I have a relatively large database of 40,000+ entries, all with several data points per entry-line. The Data is collected on an ongoing basis. I would like to establish a baseline mean and standard deviation for several data-sets that exist within the database so that I can identify outliers as a part of a QA/QC process.
However, as far as I can tell, many of the recommendations for identifying outliers seem to assume that you can already establish a mean and standard deviation that is reasonable to begin with. However, this seems at first glance to be a bit circular when dealing with an empirical data-set. Won't the mean and standard deviation you produce be tainted by the outliers? Hence, won't some of the outliers fail to be identified by a method like evaluating n number of standard deviations away from the mean?

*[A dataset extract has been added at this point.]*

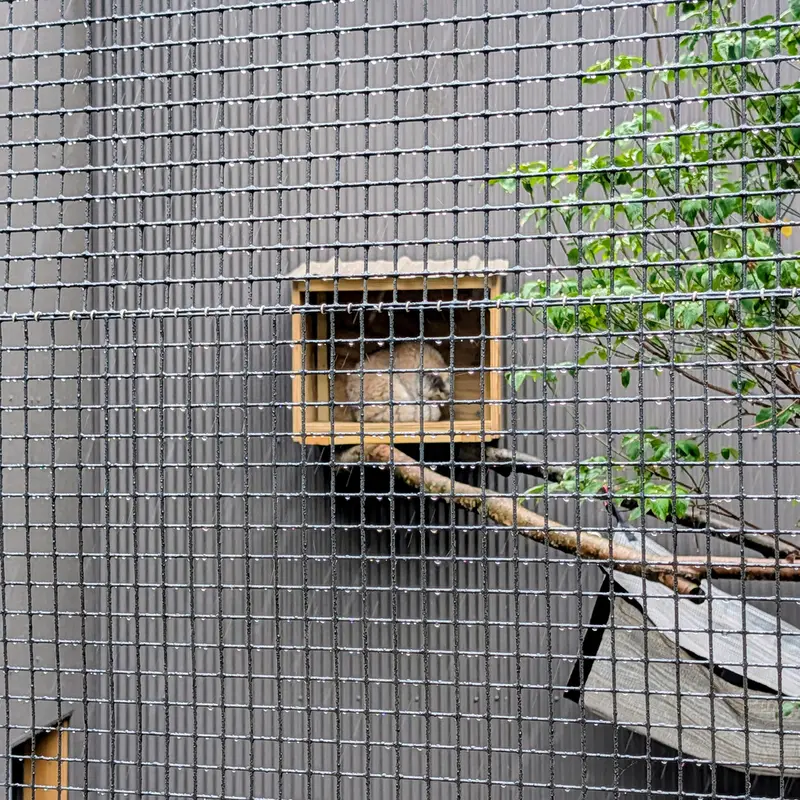 A photograph of Reza in Elmwood Park Zoo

There are data values which I have identified as clear outliers and corrected or thrown out, but I'm concerned that I'm not including large quantities of outliers which exist on the edge of what seems reasonable.

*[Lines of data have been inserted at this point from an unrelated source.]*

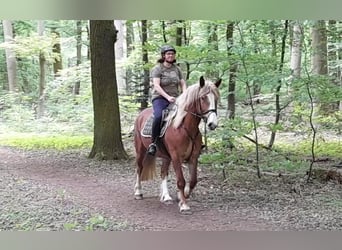 Más caballos de sangre fría, Yegua, 5 años, 162 cm, Alazán
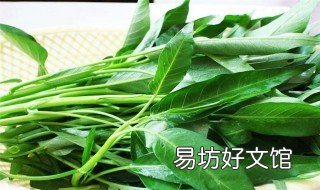 什么病不能吃空心菜 生病不能吃空心菜吗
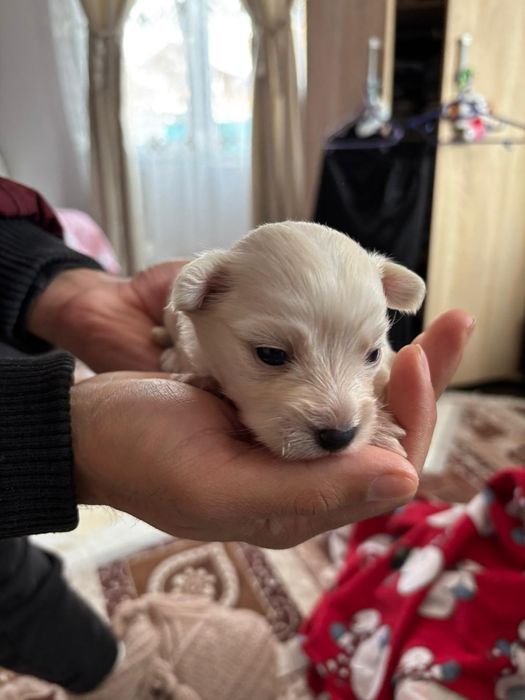 Cauta alta casa căței bichoni două femele si un mascul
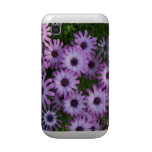 Aster Flowers Samsung Galaxy Case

I don't have a background in statistics or data management/analysis, but it's fallen on me to handle this database, so I would greatly appreciate any insights or responses on this matter. It may simply be that I'm missing some essential conceptual piece here.
The definition of an outlier is $1.5$ times the interquartile range outside of the 1st and 3rd quartiles. Use all the data points to determine the quartiles and eliminate the outliers. Determine the mean and standard deviation from the remaining data. Large quantities of outliers is a bit of a contradiction and may just mean the standard deviation is large.